> [Problem details] Up to and including the final line, retype each line of the records below, starting with the one that contains "Phần kính tốt.".

> [Listed entries]
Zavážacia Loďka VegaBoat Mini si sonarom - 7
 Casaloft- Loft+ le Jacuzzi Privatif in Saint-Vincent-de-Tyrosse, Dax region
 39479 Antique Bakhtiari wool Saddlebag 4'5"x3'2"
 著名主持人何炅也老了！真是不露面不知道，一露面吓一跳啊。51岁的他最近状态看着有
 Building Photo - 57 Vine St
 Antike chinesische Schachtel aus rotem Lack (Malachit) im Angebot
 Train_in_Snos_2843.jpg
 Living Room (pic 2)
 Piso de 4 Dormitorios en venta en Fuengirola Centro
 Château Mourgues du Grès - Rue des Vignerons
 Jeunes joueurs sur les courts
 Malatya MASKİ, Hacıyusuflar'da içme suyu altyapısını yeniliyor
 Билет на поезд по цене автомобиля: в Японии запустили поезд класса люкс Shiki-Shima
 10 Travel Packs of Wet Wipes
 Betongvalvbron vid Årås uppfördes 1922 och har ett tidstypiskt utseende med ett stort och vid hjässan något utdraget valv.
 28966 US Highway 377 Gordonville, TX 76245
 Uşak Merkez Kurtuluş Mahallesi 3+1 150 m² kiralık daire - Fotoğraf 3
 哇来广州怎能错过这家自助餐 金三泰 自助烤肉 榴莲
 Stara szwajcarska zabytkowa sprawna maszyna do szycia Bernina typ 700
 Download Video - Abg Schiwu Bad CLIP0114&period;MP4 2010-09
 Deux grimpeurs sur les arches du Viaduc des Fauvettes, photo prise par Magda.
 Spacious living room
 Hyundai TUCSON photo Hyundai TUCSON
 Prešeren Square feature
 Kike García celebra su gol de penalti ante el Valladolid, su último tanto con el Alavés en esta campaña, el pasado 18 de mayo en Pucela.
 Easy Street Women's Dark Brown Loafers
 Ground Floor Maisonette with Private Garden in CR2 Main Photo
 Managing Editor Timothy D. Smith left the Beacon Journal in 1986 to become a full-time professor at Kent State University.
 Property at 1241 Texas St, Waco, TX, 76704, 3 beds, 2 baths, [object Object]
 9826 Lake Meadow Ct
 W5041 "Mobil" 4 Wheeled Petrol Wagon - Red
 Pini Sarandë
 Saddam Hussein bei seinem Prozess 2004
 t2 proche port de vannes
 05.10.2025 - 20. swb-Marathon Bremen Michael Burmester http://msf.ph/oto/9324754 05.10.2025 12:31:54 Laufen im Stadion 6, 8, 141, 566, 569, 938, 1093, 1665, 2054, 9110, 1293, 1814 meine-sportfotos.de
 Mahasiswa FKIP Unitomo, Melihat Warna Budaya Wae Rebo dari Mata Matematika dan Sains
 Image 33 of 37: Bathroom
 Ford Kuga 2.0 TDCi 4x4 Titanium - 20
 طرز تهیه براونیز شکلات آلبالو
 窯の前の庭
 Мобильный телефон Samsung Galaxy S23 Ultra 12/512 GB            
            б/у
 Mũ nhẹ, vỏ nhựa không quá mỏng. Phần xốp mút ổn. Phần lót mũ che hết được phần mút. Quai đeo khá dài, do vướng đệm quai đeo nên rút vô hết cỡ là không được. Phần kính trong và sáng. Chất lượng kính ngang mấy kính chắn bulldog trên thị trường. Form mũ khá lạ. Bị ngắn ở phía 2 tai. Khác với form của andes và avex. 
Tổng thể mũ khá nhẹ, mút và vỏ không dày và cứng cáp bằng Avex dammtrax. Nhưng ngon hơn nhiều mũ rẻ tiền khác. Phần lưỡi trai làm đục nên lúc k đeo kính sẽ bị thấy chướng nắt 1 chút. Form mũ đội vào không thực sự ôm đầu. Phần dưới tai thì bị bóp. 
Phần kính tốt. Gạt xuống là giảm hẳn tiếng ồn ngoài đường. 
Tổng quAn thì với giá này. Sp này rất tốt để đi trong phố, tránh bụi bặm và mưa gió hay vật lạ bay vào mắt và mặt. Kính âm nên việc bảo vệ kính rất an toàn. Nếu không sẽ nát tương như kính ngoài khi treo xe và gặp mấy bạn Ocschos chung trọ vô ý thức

> [Reply to the exercise]
Phần kính tốt. Gạt xuống là giảm hẳn tiếng ồn ngoài đường. 
Tổng quAn thì với giá này. Sp này rất tốt để đi trong phố, tránh bụi bặm và mưa gió hay vật lạ bay vào mắt và mặt. Kính âm nên việc bảo vệ kính rất an toàn. Nếu không sẽ nát tương như kính ngoài khi treo xe và gặp mấy bạn Ocschos chung trọ vô ý thức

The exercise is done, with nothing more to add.